Monday, November 20, 2006

Rocks, Leaves & Water


When my older son, Noah, was only five (a few years ago), he had already discerned one of the core meta-patterns of his dad's evolving pattern of imagery. Noah happily explained to anyone who inquired about "what that strange man with a tripod..." is doing, that..."That's just my dad; he likes to take pictures of rocks, leaves and water."

Later, of course, Noah's sense of his dad's meta-pattern grew deeper and ever more sophisticated; passing though "my dad likes to catch subtle light as it falls on dilapidated buildings,", stalling, for a while, on "my dad likes to take pictures of boring stuff," and eventually settling on "my dad likes gentle, quiet scenes." I am often greatly impressed with the depth of my son's young perception of my meta-patterns, and his eloquence in expressing them.
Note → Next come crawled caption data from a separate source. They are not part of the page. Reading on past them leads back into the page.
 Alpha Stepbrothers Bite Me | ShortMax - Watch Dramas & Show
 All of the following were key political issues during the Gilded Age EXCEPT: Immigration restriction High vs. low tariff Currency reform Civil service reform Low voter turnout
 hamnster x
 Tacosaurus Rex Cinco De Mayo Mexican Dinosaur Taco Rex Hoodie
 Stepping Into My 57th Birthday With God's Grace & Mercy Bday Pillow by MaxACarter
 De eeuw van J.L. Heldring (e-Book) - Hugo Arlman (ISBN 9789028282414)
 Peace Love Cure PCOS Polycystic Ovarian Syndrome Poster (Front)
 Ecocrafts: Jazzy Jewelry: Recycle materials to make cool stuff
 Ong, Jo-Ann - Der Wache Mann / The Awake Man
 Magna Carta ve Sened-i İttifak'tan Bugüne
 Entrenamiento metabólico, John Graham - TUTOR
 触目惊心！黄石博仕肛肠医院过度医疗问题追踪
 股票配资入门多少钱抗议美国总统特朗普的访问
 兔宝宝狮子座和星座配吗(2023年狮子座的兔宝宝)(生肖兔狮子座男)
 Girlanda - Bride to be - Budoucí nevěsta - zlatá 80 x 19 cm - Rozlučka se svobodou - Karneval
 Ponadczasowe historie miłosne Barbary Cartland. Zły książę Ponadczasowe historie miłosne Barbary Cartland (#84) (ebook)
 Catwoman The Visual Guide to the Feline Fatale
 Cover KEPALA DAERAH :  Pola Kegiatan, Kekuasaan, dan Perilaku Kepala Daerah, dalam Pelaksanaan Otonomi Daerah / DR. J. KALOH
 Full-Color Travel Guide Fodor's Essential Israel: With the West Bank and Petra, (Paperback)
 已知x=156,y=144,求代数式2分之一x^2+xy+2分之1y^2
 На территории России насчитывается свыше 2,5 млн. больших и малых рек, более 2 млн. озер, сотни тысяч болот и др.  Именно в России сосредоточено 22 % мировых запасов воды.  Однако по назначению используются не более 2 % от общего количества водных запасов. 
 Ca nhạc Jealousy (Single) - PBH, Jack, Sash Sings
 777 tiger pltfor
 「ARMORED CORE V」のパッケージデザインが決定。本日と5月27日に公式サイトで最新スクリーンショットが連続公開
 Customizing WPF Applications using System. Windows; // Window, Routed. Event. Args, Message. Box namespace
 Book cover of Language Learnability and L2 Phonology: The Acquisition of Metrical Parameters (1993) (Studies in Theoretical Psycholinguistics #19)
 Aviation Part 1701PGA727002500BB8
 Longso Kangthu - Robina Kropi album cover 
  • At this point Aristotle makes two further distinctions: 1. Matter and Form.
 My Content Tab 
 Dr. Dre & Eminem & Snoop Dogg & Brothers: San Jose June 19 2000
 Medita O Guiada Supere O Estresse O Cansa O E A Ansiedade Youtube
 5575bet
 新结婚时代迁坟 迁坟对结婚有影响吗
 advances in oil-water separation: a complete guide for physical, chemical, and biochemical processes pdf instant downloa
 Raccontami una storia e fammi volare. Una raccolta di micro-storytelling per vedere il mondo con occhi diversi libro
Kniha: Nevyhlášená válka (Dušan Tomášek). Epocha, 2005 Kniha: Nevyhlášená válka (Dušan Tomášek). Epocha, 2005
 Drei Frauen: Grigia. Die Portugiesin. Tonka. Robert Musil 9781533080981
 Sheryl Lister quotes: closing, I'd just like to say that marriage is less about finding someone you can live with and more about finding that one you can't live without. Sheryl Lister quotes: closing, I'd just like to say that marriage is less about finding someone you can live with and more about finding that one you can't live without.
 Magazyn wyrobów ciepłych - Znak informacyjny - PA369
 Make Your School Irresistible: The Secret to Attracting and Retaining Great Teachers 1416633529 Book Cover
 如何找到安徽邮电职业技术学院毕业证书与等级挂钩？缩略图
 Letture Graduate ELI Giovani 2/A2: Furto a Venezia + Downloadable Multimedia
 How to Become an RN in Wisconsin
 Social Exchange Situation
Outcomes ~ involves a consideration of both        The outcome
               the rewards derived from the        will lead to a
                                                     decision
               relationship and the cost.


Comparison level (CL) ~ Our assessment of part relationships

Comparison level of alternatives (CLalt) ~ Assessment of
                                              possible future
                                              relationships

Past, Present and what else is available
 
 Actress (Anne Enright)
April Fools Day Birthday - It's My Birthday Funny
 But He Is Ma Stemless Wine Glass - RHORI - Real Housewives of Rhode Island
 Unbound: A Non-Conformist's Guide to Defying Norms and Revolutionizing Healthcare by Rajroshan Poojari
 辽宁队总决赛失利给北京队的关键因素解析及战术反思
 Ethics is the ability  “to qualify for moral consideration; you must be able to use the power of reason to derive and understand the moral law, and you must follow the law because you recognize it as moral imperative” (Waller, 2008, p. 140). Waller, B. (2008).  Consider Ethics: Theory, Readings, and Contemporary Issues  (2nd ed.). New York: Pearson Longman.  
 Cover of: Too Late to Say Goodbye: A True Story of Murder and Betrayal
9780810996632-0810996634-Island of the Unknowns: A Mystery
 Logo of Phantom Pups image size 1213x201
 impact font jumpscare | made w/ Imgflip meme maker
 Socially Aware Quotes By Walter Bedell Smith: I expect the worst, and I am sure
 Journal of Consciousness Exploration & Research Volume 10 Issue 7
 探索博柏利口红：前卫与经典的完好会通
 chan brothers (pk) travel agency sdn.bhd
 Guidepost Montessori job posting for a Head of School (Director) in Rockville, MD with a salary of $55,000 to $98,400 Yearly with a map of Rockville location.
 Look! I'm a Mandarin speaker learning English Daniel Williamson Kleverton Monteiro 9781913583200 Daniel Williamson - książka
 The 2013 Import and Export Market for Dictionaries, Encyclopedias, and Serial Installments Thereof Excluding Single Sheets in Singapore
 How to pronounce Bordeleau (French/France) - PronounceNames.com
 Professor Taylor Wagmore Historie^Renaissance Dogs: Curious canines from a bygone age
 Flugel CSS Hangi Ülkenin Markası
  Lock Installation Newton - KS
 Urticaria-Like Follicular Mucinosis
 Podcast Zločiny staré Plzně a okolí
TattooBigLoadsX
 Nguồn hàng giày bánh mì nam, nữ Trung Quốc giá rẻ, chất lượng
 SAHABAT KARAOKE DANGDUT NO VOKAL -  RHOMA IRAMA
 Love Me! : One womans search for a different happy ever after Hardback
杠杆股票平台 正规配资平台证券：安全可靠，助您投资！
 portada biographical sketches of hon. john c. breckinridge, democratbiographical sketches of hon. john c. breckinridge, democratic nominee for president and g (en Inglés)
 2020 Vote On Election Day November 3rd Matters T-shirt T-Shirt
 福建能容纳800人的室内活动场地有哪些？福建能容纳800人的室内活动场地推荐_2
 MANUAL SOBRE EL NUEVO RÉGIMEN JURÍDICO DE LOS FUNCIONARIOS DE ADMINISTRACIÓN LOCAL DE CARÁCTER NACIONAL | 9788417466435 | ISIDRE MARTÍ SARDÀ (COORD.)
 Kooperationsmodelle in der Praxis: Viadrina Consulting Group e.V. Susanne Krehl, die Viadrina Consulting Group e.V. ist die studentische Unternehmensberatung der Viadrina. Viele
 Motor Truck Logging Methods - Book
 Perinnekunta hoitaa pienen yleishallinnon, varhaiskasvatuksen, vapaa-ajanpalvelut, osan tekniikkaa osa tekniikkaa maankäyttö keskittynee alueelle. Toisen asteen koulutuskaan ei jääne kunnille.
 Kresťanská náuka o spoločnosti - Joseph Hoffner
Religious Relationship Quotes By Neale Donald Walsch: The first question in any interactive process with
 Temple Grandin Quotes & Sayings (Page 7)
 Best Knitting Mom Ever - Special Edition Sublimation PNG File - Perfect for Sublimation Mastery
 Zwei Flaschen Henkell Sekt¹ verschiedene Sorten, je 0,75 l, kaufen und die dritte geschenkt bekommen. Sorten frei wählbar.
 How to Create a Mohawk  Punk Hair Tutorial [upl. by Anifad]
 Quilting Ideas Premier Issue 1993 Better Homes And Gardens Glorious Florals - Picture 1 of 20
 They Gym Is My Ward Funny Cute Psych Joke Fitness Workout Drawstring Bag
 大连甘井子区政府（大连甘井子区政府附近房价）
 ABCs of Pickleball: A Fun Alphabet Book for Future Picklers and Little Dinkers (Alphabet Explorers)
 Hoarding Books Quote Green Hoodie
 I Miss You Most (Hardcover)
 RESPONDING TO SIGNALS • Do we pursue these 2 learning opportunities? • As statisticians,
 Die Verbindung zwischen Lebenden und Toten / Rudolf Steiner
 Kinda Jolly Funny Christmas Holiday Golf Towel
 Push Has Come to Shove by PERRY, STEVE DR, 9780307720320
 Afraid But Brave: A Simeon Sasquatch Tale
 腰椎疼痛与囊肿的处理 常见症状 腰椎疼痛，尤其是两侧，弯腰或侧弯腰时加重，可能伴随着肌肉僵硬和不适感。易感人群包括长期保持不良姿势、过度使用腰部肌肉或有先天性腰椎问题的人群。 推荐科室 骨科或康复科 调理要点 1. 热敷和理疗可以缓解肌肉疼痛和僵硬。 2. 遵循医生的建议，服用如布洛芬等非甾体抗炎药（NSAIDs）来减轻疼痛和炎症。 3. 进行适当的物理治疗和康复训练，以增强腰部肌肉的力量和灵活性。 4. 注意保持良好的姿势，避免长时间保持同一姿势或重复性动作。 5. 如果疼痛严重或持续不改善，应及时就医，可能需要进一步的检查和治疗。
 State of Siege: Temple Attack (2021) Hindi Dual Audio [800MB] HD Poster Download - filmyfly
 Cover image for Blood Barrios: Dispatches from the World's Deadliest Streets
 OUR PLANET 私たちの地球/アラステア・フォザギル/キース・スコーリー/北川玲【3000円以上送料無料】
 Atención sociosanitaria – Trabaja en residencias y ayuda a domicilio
The three photos appearing here - all taken this past weekend at (the Virginia side of) Great Falls Park - are very firmly in the "rocks, leaves and water" class of meta-patterns; which is what I find myself going back to whenever I need to creatively recharge myself.

Patterns, meta-patterns and meta-meta-patterns may all come and go (and I hope they do keep coming and going, for change and evolution are the lifeblood of creation); but the pattern that repeats most often, and the one pattern that inevitably remains when the conscious "I" stops thinking, is what my son has known since he was five: "Dad just likes to take pictures of rocks, leaves and water."